A 30-year-old man was sentenced to 30 years in prison for murdering a church music director who was found stabbed 92 times.

Tommy Montgomery pleaded guilty, but mentally ill to murder on Monday.

According to doctors, Montgomery suffered from depression and post traumatic stress disorder. Montgomery will serve the full sentence in the South Carolina Department of Corrections and will receive psychiatric treatment while in prison.

According to Assistant Solicitors Burns Wetmore and Spencer Compton who prosecuted the case, the victim, Brandon Jamison, was the music director at the church that Montgomery attended.

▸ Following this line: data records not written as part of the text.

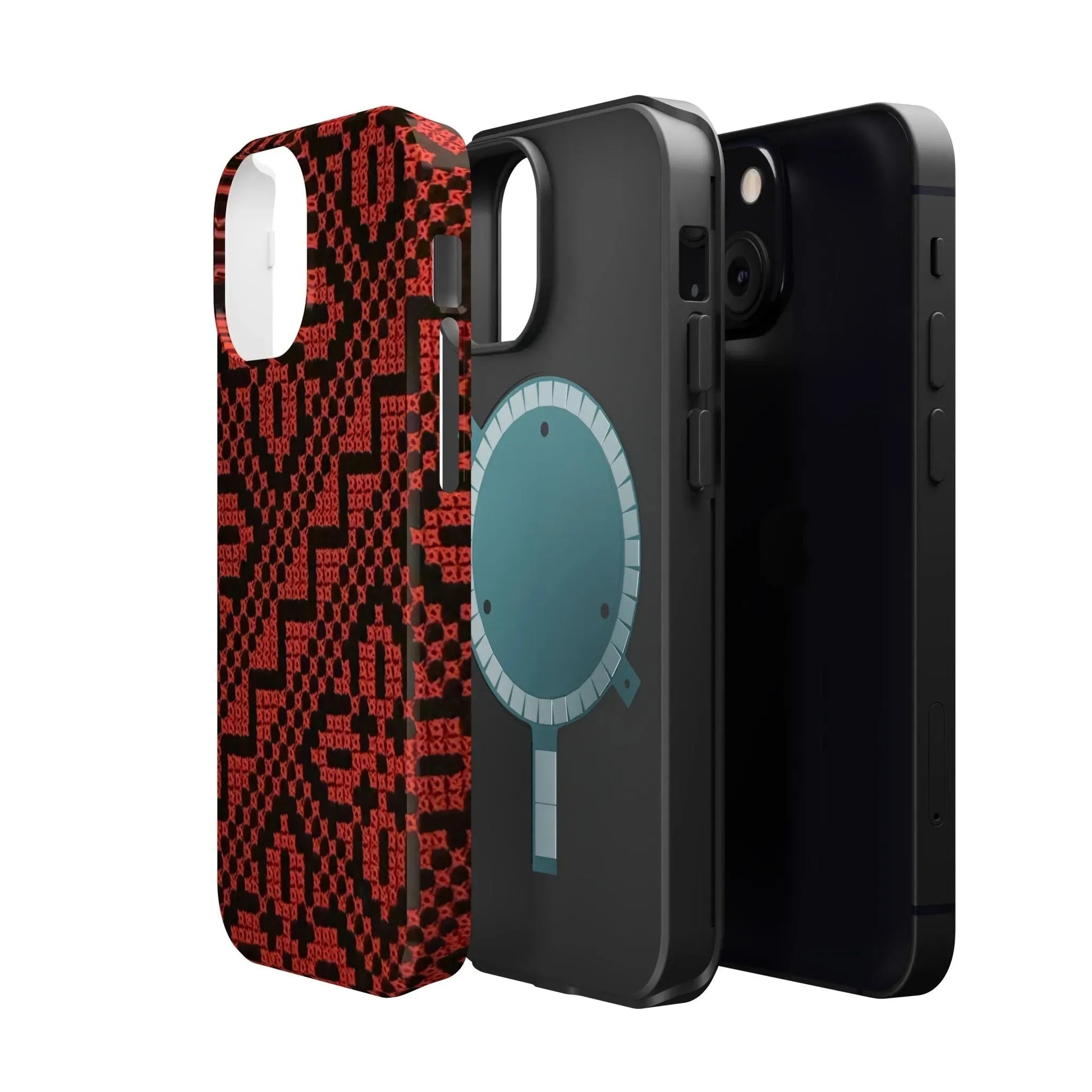 Red and Black Tatreez Design - Iphone Magnetic Tough Case book cover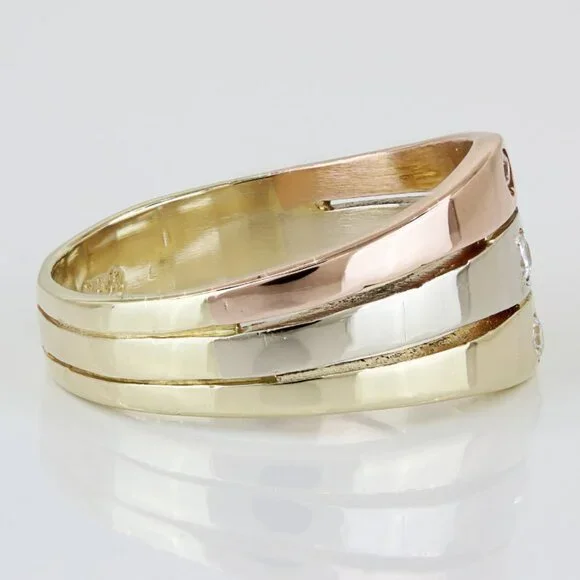 14k Tri-Color Gold Wide Multiband Cubic Zirconia CZ Ring - Image 3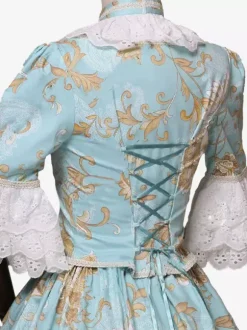 Light Sky Blue Retro Tudor Dress Costumes Bows Polyester Floral Print Dress Women's Marie Antoinette Costume Royal Tunic Masquerade Ball Gown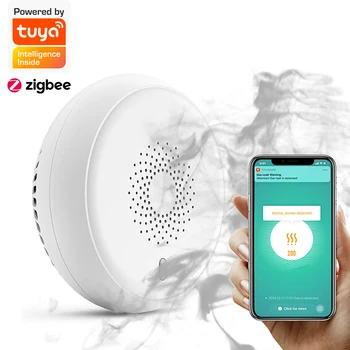 

Tuya smart Zigbee smoke detector high sensitive smoke sensor alarm app control by smart life type
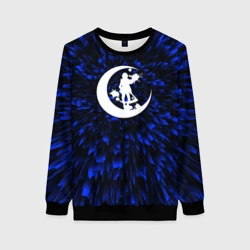 Женский свитшот 3D Angels of Death blue energy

In the summer of 2009, Montgomery needed a place to stay, and Jamison allowed Montgomery to live in his apartment.

Authorities say on the night of Dec. 7, 2009, Montgomery became enraged and attacked Jamison, stabbing him to death. An autopsy revealed that Jamison was stabbed 92 times which included several defensive wounds to the hands and 26 wounds to the back. According to investigators, after the stabbing, Montgomery stole Jamison's vehicle and fled the scene.

http://www.live5news.com/story/14850115/stabbing-roomate

Novaheart
06-07-2011, 12:51 PM
Too much diapason and not enough celeste?

Odysseus
06-07-2011, 01:43 PM
Too much diapason and not enough celeste?

Too many folk hymns and not enough Handl, Bach or Mozart.

Rockntractor
06-07-2011, 10:47 PM
Had this been a democrat politician committing this crime KhrushchevsShoe would have said "it's not as bad as if he would have stabbed him 96 times"!

noonwitch
06-08-2011, 09:46 AM
Depression and PTSD are not conditions that should qualify someone for a "guilty, but mentally ill" charge. That should be reserved for schizophrenics, bipolars and other psychotic disorders.


I could see PTSD in very limited circumstances-real-life situations that caused the person to be re-experiencing the original trauma at the time of the crime. I don't see killing a church music director fitting into that exception without some really extreme context.